Retype the lines below exactly, from the one that contains "BASSDASH Unisex Fingerless" through the last, and leave every picture out.

_The data_
· · ·

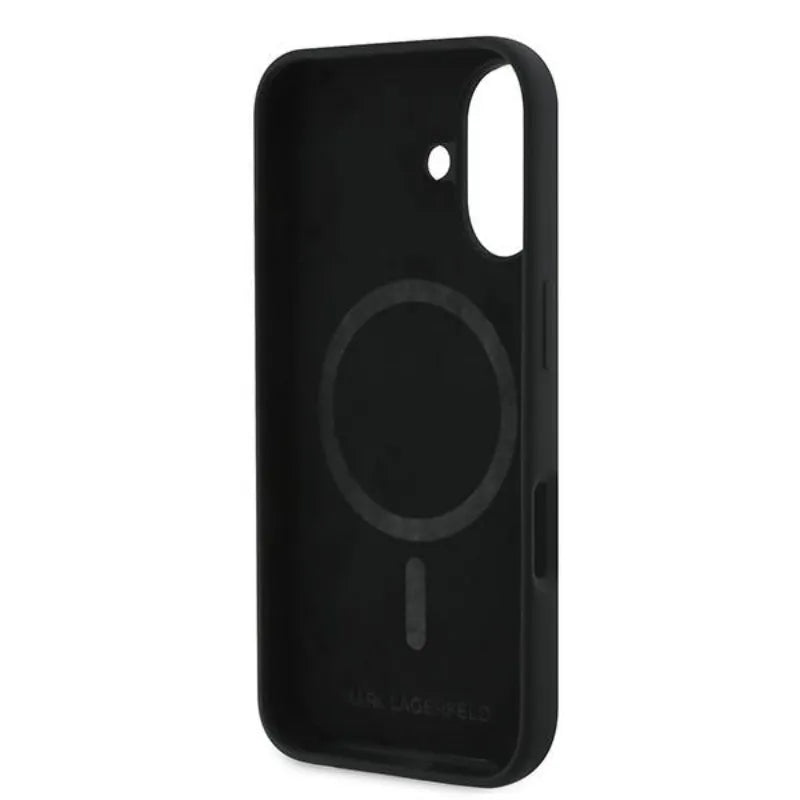 Karl Lagerfeld Silicone Double Heads Print MagSafe – dėklas iPhone 16 Plus (juodas)
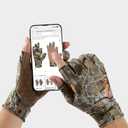 BASSDASH Unisex Fingerless Fleece Liner Camo Hunting Gloves for Cold Weather UPF 50+ Lightweight Fishing Photography HG06 (M)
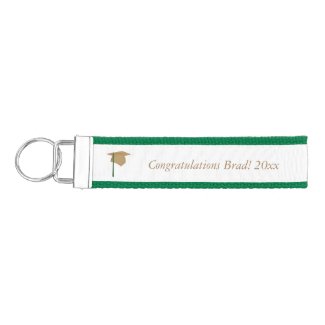 Gold Cap Tassel Add Year Name Graduation KeyChains Wrist Keychains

· · ·

_Answer to this exercise_
 BASSDASH Unisex Fingerless Fleece Liner Camo Hunting Gloves for Cold Weather UPF 50+ Lightweight Fishing Photography HG06 (M)
 Gold Cap Tassel Add Year Name Graduation KeyChains Wrist Keychains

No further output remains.